Each cluster leader cluster node obtains common recognition result Q by distributed common recognition*, by Q*With original signal spectrum number provided by each cluster
According to comparing, the smallest frequency spectrum data of difference is then the supplier of new frequency spectrum data block, obtains the reward of frequency spectrum coin.
Further, the contribution proportion and quality described in step 5 in cluster according to frequency spectrum data block, automatic distribution frequency
Coin is composed, specific as follows:
After new frequency spectrum data block is added into block chain as formal block, the frequency spectrum coin coin quilt of cloud storage
To the cluster of the block is provided, frequency spectrum coin is allocated automatically according to the contribution proportion and quality of frequency spectrum data block for release.
Further, the distribution verified in step 3 in the local common recognition verifying and step 4 of node between leader cluster node is total
Know, the mist node by recognizing Internet of Things network edge carries out.

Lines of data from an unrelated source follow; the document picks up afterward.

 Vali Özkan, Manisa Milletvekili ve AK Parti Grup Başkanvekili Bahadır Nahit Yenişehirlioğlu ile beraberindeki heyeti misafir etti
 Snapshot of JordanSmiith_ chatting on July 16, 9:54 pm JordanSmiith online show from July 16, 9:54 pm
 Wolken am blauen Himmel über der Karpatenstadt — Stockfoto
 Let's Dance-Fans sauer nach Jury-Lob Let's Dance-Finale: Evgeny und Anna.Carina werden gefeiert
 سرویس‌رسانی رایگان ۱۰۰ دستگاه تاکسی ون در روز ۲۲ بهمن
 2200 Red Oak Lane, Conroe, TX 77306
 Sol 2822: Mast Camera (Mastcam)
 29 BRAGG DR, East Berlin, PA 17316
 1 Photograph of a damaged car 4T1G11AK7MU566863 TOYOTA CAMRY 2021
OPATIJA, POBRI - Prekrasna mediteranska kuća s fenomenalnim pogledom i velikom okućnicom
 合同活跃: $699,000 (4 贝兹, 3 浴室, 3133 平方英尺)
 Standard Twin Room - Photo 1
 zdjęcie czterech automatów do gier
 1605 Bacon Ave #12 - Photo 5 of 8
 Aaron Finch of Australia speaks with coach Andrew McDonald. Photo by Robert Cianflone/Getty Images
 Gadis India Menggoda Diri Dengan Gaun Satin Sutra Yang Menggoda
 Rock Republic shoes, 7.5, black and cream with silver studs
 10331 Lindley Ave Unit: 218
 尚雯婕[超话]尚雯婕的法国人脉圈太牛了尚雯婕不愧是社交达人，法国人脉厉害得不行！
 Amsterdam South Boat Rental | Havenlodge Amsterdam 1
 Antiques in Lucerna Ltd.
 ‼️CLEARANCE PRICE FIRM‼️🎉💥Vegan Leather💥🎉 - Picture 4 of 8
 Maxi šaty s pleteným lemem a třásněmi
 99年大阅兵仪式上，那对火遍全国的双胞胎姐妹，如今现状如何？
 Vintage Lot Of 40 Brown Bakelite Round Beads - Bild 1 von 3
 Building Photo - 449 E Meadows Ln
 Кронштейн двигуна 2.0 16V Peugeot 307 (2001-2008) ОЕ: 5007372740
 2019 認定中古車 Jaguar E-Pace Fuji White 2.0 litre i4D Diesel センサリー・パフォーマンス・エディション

Compared with prior art, the present invention its remarkable advantage is: (1) block chain technology being applied to distributed deployment
Recognize Internet of Things, realize the decentralization of frequency spectrum data in cognition Internet of Things, it is high it is fault-tolerant, can not distort it is shared;(2) it combines
The advantage of mobile edge calculations carries out the acquisition of frequency spectrum data, verifying and the shared cognition Internet of Things network edge that is arranged in, drop
Low frequency spectrum data sharing time delay and data transmit energy consumption;(3) the distributed fusion of frequency spectrum data, verifying and frequency spectrum coin are realized
Distribution, can resist and distort to the malice of frequency spectrum data.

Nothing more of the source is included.